The Associated Students of Colorado, ASC, conducted its first meeting this weekend in Denver, using the opportunity to discuss controversial issues such as the lack of funding for higher education.
The ASC was founded in 2007 to bring together students from all colleges and universities across Colorado to work together toward issues affecting higher education.
CSU is just one of the universities that attended the conference but was also one of the most prominent with nine students in attendance, most of them from the Associated Students of CSU.
The conference covered two days, the first of which was spent with guest speakers Kim Poast and Rico Munn from Colorado’s Department of Higher Education.
Munn and Poast discussed the future of higher education in Colorado, one that looks dismal at best. There is only $555 million allotted for the state to spend on higher education next year.
When it comes to tax payer dollars for higher education Colorado is ranked 49th in the state, and only three cents of every tax dollar goes toward funding for higher education, Poast said.
Gov. Bill Ritter commissioned the Higher Education Strategic Planning Committee to look for solutions to the funding problem, and ASC has elected one student to sit on the committee. Josh Diller, policy director of ASC, was elected to sit on the committee that will start meeting at the end of the month.
ASCSU members were excited about having an ASC member on the board and hope that good will come from the committee.
“We support trying to find new mechanisms to fund higher education,” said Matt Strauch, director of Legislative Affairs ASCSU.
Along with supporting finding new ways to fund higher education, ASC also voted to oppose Amendments 60 and 61 and Proposition 101, three perspective laws that would destroy public higher education.
The amendments would reduce property taxes and make it next to impossible for the government to obtain a loan, while the proposition would reduce vehicle taxes to $10 a vehicle.
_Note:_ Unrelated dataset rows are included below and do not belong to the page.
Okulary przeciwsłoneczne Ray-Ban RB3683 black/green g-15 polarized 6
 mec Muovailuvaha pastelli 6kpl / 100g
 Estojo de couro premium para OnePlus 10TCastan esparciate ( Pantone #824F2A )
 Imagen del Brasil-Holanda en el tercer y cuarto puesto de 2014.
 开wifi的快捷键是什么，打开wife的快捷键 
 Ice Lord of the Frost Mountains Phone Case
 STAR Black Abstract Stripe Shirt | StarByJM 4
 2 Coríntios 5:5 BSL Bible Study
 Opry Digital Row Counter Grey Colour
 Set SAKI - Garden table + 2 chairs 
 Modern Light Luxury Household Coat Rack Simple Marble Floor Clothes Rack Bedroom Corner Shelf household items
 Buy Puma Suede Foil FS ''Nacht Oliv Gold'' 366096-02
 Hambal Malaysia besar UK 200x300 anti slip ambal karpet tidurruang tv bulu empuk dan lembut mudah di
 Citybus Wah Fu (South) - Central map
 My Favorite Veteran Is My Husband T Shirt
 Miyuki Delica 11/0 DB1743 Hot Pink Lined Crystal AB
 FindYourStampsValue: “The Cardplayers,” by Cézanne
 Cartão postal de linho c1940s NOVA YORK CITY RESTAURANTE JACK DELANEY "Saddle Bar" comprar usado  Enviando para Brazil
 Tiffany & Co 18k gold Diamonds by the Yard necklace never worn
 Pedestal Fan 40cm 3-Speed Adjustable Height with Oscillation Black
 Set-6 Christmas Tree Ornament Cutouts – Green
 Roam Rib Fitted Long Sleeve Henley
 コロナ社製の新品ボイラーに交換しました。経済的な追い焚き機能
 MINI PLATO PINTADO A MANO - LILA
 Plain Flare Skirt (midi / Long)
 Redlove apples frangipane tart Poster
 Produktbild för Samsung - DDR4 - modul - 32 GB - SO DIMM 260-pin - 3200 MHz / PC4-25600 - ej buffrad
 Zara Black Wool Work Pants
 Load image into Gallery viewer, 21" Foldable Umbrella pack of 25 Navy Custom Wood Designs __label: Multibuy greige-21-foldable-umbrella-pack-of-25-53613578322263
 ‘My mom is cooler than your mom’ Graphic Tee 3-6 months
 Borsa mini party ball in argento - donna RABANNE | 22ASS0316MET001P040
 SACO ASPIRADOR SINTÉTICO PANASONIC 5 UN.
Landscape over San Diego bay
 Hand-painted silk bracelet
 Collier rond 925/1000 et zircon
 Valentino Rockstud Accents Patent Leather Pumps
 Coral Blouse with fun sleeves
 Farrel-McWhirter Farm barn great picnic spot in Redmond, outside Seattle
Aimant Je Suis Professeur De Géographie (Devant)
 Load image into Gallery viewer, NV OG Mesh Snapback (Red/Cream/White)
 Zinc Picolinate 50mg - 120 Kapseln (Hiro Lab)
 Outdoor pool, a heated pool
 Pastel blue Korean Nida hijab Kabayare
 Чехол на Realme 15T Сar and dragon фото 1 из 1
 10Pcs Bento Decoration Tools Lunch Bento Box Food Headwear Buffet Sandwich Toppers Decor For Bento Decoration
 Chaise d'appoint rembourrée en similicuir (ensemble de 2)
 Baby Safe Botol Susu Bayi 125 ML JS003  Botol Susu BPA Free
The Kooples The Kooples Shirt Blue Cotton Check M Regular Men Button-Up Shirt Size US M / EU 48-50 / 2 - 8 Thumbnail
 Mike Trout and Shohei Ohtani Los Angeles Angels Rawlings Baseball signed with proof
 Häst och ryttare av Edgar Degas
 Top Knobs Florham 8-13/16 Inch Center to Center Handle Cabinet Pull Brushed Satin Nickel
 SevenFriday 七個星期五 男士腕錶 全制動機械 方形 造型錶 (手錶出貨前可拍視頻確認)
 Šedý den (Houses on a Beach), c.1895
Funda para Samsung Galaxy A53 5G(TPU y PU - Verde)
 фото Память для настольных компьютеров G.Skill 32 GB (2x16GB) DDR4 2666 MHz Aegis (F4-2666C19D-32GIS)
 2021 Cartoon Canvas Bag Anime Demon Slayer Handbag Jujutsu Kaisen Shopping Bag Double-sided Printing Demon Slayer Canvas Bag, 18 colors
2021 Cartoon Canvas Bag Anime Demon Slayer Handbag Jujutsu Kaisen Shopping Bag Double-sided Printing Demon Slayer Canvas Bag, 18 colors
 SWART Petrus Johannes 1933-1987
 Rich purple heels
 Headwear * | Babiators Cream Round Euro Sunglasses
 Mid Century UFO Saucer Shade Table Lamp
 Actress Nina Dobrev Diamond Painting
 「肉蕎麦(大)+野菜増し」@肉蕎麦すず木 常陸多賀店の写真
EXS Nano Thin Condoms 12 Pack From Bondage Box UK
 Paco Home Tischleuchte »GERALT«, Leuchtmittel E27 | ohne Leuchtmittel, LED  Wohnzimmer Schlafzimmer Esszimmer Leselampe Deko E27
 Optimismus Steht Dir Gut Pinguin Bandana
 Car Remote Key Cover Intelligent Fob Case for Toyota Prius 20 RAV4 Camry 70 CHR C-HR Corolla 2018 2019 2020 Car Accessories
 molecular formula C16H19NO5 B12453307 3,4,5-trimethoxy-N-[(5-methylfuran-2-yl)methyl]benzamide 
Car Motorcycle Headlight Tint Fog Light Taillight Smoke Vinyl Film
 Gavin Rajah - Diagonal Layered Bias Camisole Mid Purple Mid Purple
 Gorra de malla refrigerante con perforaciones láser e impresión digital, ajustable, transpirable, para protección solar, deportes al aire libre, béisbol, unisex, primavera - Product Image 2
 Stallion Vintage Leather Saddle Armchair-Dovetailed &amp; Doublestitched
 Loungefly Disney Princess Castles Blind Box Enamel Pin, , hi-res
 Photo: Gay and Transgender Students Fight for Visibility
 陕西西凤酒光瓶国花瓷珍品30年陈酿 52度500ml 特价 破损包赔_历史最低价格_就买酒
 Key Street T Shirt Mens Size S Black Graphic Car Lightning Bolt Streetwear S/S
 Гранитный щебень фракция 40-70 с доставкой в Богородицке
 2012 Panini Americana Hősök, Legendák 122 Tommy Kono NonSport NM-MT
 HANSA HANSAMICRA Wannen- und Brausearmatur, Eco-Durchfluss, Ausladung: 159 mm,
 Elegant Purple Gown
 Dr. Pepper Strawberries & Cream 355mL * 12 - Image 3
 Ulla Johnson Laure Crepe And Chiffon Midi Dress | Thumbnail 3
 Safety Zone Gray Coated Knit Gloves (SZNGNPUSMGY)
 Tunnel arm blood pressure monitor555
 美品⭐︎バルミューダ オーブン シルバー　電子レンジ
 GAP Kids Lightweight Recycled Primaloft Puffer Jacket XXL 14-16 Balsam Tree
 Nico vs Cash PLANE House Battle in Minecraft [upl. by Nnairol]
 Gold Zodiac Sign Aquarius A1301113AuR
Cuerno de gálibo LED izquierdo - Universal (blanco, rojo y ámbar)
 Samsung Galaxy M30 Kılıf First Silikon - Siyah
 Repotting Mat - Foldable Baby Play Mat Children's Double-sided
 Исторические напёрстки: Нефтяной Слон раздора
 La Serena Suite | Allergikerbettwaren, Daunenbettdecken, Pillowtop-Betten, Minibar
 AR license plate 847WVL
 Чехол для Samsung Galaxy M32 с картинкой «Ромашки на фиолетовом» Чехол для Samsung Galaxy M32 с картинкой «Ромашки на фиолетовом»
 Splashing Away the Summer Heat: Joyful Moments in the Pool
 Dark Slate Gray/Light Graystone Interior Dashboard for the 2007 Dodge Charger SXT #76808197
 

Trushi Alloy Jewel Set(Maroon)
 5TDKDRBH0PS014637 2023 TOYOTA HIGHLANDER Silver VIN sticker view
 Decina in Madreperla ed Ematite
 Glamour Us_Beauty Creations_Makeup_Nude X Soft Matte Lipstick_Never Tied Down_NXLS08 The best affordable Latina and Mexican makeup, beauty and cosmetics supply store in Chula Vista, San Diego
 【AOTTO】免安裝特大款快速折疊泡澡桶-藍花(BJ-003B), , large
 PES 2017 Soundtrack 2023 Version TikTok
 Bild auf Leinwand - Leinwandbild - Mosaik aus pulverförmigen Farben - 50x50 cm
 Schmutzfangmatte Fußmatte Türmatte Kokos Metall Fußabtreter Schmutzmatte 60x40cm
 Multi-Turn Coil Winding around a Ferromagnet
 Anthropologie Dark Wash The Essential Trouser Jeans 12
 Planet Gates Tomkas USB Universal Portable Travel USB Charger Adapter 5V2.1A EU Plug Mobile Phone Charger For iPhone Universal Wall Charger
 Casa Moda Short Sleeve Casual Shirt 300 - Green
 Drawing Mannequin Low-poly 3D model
ASCSU members Justin Safady and Keegan Schultz presented the proposition of opposing the referendums and urged the ASC to take a stance.
“If we’re gonna come out strong we need to take a stance on something that would drastically affect higher education,” Safady said.
ASCSU declared its opposition over a week ago at one of their Senate meetings and are trying to reach out to students and educate them on the repercussions the referendums would have if they pass in the November election.
ASC will continue to meet over the course of the year and look for initiatives in higher education.